◆ Work to be completed: Below this sentence is a listing; return exactly its lines from the one with "Three for Bedroom C — image 1 of 4" to the one with "ComBo Phòng Ngủ Hiện Đại – KLCB003", both kept, and nothing more.

◆ Given data:
□ □ □ □
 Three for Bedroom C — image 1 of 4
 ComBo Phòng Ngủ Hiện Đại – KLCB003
□ □ □ □
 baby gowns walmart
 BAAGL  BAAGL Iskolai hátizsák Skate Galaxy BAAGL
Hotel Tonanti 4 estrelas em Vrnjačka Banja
□ □ □ □
◆ Output below:
 Three for Bedroom C — image 1 of 4
 ComBo Phòng Ngủ Hiện Đại – KLCB003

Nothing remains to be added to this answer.